Derrière son étal, Olivier Henneaux présente ses échalotes avec le sourire. « Si je ne les vends pas, je ne les plante plus», dit-il à une collègue. S'il conserve encore le sourire, l’avertissement est sérieux. Cette année, le producteur de Tournay éprouve davantage de difficultés à écouler ses légumes, ses fruits et ses agneaux.

Le constat dépasse son exploitation. Selon les données 2025 publiées par Biowallonie et l’APAQ-W, 98,3 % des Wallons ont acheté au moins un produit bio au cours de l’année. Mais sur 100 euros consacrés à l’alimentation, seuls 5,60 euros vont à des produits bio. Le bio touche donc presque tous les consommateurs, sans représenter une part importante de leurs achats quotidiens.

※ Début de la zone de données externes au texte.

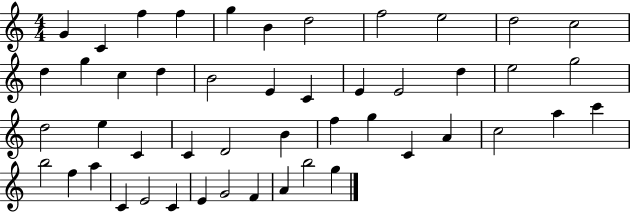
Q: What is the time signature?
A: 4/4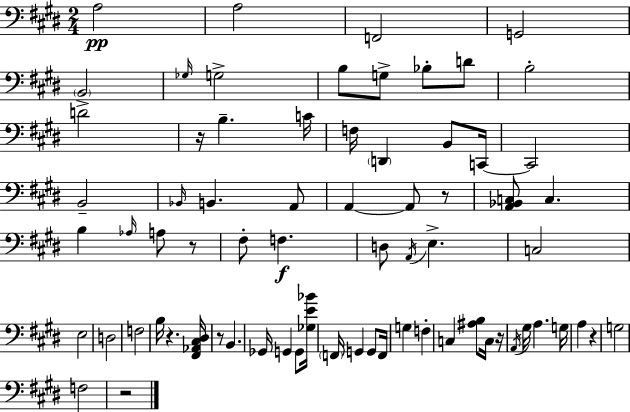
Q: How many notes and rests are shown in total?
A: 71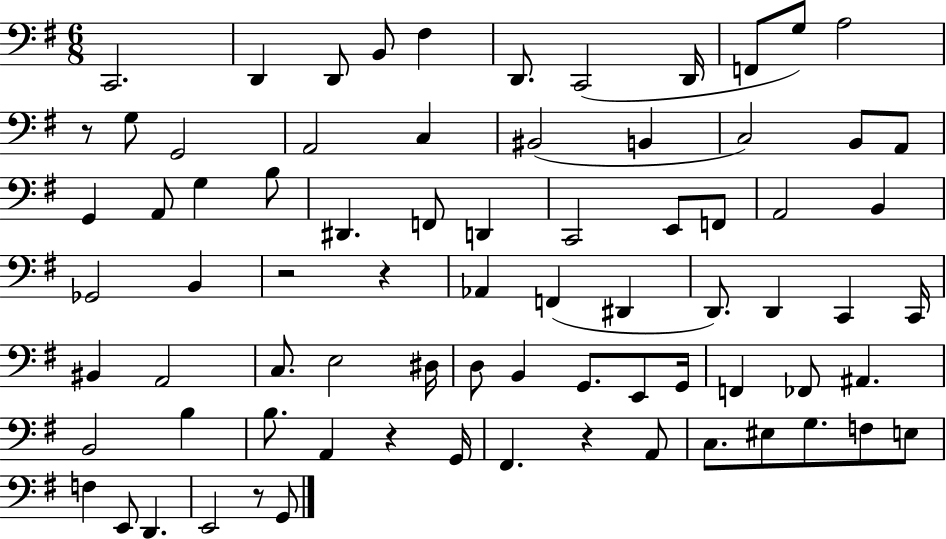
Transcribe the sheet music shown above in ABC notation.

X:1
T:Untitled
M:6/8
L:1/4
K:G
C,,2 D,, D,,/2 B,,/2 ^F, D,,/2 C,,2 D,,/4 F,,/2 G,/2 A,2 z/2 G,/2 G,,2 A,,2 C, ^B,,2 B,, C,2 B,,/2 A,,/2 G,, A,,/2 G, B,/2 ^D,, F,,/2 D,, C,,2 E,,/2 F,,/2 A,,2 B,, _G,,2 B,, z2 z _A,, F,, ^D,, D,,/2 D,, C,, C,,/4 ^B,, A,,2 C,/2 E,2 ^D,/4 D,/2 B,, G,,/2 E,,/2 G,,/4 F,, _F,,/2 ^A,, B,,2 B, B,/2 A,, z G,,/4 ^F,, z A,,/2 C,/2 ^E,/2 G,/2 F,/2 E,/2 F, E,,/2 D,, E,,2 z/2 G,,/2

À la Petite Foire, les visiteurs reconnaissent les enjeux du circuit court. Plusieurs évoquent toutefois le prix, le manque de temps ou la possibilité de réaliser toutes leurs courses dans une grande surface. Une contradiction que les producteurs connaissent bien. En été, certaines récoltes doivent être transformées ou données faute d’acheteurs. 

Pour Olivier Henneaux, la solution ne consiste pas forcément à placer ses produits dans les grandes surfaces. Ce mode de commercialisation ne correspond pas au lien direct qu’il souhaite conserver avec les consommateurs. Mais sans davantage de visibilité et de clients réguliers, il craint de voir la filière stagner.

Le Mouvement d’Action Paysanne défend notamment le regroupement de plusieurs métiers dans un même lieu. Maraîchers, boulangers, bouchers ou fromagers pourraient ainsi proposer une offre plus complète et éviter aux clients de multiplier les déplacements.

Des solutions existent donc du côté des producteurs. Mais l’avenir de cette agriculture se joue aussi dans les habitudes de consommation. Pour rendre le modèle viable sur le long terme, les achats occasionnels doivent désormais devenir plus réguliers.